__PROBLEM DESCRIPTION__: All of the listing should be returned as written, apart from any picture in it.

__STORED DATA__:
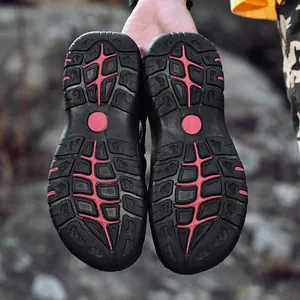 Durable non-slip rubber outsoles of men's outdoor closed-toe beach sandals in black and red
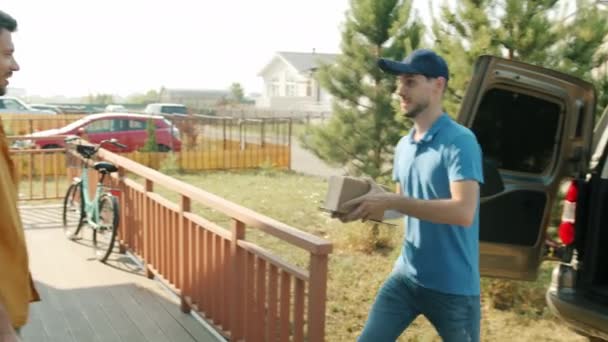 Young man customer receiving parcel from delivery guy signing paper outdoors at front door — Stock Video
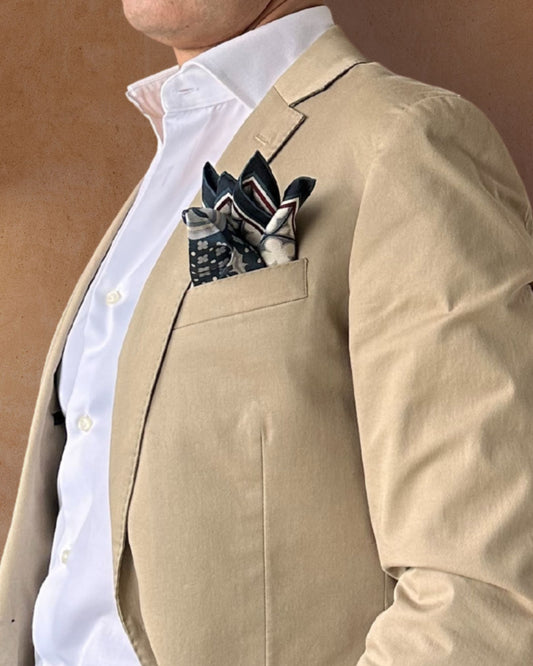Blue cream and burgundy pocket square on the lapel pocket of a cream suit jacket 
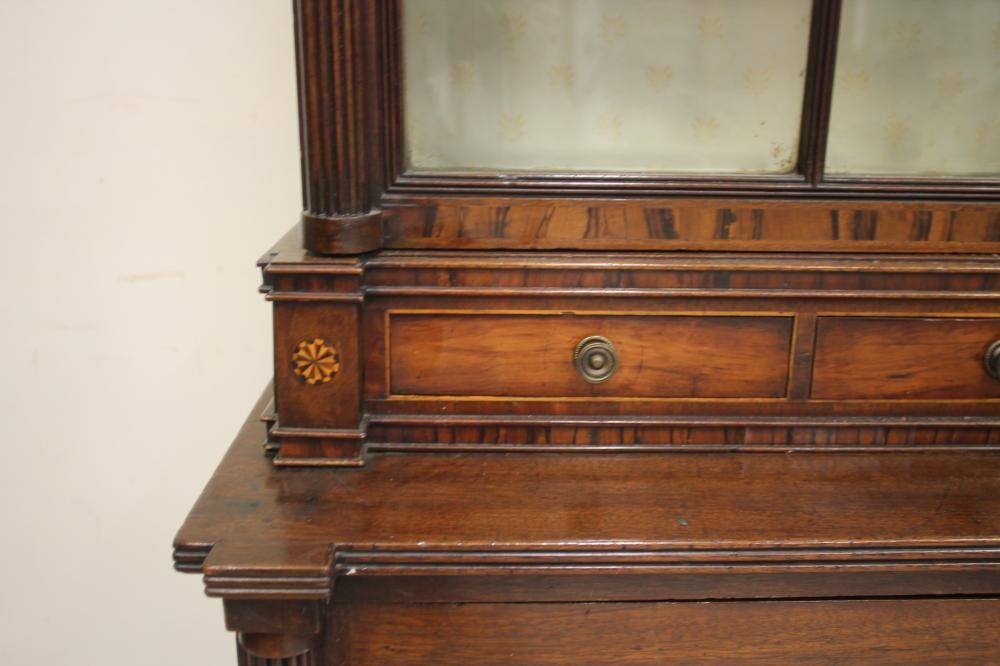 A MAHOGANY BOOKCASE Image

__REPLY TO THE EXERCISE__:
 Durable non-slip rubber outsoles of men's outdoor closed-toe beach sandals in black and red
 Young man customer receiving parcel from delivery guy signing paper outdoors at front door — Stock Video
Blue cream and burgundy pocket square on the lapel pocket of a cream suit jacket 
 A MAHOGANY BOOKCASE Image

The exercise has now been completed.